## WHAT THE TASK REQUIRES
Taking the line with "Chaturbate Live Sex Cam of lexie_loveee" as the first and the line with "AMD Radeon RX" as the last, set down exactly every line in that range from the entries below, and no more.

## DATA FOR PROCESSING

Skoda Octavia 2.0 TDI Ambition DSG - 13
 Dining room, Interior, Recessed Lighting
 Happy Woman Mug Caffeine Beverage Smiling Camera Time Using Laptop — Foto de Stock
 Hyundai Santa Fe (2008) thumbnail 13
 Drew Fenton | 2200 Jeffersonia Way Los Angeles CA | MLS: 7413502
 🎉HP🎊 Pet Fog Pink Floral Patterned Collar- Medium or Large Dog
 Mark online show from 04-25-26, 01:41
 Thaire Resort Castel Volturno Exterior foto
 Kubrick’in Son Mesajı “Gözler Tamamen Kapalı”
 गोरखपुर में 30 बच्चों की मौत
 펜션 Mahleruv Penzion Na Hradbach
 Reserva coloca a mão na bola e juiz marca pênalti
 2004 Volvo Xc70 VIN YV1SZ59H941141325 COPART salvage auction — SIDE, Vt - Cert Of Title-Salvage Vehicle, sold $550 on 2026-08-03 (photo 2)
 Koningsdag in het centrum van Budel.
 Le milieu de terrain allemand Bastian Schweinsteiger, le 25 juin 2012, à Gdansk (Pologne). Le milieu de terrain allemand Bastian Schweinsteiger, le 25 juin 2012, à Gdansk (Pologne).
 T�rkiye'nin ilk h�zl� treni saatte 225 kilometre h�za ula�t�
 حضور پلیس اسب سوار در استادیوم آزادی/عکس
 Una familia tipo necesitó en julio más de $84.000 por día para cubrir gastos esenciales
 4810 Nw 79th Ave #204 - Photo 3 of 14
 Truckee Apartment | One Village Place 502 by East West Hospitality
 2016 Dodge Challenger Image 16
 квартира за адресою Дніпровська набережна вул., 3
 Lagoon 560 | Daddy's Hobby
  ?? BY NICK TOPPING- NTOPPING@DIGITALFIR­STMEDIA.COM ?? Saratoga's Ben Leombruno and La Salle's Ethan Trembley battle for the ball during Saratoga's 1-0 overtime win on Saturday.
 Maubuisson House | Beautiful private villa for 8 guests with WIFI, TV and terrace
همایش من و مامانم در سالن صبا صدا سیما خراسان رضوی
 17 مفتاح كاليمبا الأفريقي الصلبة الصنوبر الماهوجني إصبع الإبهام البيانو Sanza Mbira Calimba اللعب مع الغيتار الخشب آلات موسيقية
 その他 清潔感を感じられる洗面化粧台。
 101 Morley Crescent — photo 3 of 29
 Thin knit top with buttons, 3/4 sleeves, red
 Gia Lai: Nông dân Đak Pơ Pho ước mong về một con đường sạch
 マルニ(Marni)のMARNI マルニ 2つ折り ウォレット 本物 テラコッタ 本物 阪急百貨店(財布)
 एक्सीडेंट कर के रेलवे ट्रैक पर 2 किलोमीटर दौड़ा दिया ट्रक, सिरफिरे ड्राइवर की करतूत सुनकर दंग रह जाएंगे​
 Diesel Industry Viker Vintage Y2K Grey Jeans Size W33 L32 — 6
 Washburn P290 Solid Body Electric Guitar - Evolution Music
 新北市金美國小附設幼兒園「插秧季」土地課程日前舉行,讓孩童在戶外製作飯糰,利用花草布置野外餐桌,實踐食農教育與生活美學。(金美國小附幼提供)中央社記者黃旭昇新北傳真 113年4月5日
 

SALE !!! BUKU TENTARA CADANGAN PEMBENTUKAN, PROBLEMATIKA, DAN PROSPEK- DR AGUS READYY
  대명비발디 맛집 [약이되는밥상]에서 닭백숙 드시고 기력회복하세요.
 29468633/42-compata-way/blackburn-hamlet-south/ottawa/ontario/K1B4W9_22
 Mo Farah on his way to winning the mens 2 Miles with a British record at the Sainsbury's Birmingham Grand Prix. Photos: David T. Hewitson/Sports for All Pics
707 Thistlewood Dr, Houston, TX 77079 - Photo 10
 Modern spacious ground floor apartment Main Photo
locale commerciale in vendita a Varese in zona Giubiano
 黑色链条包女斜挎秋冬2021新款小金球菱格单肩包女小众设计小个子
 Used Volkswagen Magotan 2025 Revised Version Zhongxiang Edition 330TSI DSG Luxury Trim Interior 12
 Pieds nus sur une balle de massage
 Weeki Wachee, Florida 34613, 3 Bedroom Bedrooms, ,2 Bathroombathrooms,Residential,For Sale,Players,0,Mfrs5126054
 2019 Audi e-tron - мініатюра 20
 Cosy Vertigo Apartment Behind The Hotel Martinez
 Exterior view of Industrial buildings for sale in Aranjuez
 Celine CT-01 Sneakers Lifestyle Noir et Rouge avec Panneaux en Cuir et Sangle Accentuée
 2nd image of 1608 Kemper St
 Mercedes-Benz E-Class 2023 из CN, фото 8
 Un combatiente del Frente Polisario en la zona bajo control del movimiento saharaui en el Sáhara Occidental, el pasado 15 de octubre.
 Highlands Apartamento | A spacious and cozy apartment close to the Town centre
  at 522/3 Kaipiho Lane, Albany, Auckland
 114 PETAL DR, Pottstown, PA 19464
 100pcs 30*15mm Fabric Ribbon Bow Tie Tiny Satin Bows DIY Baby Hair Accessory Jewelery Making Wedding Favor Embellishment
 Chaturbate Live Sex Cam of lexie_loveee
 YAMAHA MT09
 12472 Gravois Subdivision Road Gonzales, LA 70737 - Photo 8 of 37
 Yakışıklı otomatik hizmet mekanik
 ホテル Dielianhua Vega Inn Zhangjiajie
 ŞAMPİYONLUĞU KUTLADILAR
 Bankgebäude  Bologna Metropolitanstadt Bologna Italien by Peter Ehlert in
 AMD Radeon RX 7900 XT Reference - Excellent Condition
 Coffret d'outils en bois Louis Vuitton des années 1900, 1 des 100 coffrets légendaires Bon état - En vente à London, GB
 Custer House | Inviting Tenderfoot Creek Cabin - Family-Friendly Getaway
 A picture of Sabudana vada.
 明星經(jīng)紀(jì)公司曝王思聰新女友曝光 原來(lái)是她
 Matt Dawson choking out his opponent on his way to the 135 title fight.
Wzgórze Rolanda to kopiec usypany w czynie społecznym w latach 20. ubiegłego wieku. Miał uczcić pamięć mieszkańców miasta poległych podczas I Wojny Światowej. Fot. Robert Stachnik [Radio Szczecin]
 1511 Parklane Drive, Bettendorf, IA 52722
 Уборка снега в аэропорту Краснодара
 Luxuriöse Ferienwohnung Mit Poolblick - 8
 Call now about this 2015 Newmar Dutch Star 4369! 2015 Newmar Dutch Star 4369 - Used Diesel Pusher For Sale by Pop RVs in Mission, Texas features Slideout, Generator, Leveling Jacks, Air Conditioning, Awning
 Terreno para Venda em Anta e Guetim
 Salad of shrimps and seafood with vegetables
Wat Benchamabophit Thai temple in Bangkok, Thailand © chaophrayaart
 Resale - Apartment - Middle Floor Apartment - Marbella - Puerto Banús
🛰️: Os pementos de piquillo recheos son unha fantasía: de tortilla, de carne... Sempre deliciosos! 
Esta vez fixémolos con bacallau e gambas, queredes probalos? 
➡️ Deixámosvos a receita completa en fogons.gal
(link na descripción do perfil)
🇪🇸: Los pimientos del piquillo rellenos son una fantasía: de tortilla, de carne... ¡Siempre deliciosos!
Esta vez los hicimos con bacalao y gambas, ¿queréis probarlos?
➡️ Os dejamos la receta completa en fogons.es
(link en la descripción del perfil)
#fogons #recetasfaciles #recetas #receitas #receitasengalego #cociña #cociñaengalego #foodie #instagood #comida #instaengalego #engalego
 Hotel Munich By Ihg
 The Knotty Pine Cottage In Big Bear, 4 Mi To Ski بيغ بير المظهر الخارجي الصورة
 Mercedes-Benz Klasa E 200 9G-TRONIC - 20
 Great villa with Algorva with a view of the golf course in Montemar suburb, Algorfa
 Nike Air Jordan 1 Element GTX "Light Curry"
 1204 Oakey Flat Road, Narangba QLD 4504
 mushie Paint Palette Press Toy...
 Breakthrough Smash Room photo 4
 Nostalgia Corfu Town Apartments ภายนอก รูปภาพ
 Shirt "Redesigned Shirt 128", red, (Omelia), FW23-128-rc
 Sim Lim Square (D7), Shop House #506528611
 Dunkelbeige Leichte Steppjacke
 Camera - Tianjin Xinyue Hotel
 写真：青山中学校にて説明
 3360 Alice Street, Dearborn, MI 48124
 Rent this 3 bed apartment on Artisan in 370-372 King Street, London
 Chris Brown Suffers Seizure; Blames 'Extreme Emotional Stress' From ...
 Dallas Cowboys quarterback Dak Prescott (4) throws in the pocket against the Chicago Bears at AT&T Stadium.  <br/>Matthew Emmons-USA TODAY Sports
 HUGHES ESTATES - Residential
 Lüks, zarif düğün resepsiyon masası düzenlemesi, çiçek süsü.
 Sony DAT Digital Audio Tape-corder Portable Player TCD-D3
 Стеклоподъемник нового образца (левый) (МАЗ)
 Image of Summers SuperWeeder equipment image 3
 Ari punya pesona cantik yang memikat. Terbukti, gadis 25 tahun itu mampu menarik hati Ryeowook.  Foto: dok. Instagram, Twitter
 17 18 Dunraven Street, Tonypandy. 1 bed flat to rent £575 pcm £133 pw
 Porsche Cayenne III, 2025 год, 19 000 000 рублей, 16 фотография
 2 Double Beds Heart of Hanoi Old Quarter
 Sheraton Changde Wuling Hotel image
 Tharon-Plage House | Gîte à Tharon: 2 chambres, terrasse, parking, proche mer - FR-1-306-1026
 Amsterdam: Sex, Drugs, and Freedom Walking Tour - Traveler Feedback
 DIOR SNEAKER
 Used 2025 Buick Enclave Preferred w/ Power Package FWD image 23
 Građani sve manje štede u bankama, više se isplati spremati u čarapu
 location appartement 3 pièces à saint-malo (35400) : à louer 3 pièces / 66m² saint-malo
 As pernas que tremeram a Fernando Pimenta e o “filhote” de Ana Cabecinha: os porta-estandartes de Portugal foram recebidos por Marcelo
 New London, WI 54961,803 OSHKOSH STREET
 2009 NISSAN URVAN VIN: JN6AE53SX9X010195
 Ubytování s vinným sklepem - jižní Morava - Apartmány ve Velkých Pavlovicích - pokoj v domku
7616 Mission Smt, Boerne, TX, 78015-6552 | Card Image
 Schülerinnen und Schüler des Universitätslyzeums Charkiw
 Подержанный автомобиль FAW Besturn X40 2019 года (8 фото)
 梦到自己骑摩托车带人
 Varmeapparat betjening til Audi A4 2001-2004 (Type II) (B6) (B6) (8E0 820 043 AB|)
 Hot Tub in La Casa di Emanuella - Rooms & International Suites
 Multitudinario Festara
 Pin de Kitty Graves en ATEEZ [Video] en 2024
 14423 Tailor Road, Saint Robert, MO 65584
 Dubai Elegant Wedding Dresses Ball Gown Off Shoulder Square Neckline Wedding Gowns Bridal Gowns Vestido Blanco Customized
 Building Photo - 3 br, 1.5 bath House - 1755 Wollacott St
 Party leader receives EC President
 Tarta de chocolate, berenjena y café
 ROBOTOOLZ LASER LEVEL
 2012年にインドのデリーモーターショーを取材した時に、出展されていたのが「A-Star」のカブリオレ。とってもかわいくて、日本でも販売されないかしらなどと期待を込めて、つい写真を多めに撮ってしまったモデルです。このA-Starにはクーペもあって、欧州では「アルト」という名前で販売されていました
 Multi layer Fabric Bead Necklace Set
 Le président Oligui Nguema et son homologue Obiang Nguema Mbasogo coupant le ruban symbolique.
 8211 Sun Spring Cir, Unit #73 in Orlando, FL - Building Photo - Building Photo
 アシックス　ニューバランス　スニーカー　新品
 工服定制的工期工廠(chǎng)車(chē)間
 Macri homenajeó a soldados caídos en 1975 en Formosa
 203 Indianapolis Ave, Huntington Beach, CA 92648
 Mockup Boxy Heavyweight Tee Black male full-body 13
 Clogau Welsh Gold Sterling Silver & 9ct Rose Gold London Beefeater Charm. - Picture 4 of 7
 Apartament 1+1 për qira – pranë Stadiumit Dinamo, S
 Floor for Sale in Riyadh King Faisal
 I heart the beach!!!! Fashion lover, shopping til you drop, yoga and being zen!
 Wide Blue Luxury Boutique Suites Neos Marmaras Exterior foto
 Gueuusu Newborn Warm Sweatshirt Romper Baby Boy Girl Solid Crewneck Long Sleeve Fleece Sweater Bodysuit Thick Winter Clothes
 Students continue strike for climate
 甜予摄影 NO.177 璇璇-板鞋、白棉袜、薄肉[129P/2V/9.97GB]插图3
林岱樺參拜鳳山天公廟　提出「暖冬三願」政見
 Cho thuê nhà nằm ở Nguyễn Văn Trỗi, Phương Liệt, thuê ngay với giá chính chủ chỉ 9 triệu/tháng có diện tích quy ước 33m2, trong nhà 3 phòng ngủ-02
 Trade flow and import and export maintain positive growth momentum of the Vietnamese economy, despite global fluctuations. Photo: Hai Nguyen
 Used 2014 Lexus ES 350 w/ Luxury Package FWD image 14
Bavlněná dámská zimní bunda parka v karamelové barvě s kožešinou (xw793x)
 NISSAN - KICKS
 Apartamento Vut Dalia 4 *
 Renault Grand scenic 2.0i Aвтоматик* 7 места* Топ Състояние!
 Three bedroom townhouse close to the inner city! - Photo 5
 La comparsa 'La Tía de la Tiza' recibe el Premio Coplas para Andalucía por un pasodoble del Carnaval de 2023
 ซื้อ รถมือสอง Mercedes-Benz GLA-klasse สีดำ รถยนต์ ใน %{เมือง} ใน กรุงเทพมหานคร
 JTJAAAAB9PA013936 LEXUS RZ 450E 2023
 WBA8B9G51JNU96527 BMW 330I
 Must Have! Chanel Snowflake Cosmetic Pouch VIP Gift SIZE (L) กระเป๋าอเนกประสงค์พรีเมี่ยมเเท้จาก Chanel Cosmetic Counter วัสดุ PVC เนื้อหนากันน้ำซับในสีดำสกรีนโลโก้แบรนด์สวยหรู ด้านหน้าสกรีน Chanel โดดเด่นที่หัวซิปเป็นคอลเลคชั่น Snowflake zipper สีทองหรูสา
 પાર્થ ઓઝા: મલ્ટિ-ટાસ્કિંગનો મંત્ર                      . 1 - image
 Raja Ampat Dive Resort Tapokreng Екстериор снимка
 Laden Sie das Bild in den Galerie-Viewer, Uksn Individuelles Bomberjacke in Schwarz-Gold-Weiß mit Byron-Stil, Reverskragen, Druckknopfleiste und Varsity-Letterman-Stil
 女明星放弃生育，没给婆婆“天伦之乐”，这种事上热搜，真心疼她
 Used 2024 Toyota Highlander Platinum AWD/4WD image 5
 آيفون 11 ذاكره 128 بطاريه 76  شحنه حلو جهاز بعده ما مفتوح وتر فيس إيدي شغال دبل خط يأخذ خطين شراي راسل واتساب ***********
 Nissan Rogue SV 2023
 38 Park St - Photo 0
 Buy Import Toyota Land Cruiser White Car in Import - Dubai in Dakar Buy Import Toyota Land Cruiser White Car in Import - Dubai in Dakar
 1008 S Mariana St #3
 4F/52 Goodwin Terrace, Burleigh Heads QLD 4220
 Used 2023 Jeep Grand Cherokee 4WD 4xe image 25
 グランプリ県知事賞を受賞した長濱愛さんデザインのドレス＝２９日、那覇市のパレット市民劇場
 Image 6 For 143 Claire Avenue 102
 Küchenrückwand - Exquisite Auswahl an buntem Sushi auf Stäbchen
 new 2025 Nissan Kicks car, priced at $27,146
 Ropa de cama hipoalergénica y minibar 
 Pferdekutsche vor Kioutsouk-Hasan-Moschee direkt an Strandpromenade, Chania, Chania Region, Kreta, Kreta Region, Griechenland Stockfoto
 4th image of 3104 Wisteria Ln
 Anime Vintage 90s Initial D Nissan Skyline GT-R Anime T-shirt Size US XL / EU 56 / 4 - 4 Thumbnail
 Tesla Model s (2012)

## EXERCISE RESPONSE
 Chaturbate Live Sex Cam of lexie_loveee
 YAMAHA MT09
 12472 Gravois Subdivision Road Gonzales, LA 70737 - Photo 8 of 37
 Yakışıklı otomatik hizmet mekanik
 ホテル Dielianhua Vega Inn Zhangjiajie
 ŞAMPİYONLUĞU KUTLADILAR
 Bankgebäude  Bologna Metropolitanstadt Bologna Italien by Peter Ehlert in
 AMD Radeon RX 7900 XT Reference - Excellent Condition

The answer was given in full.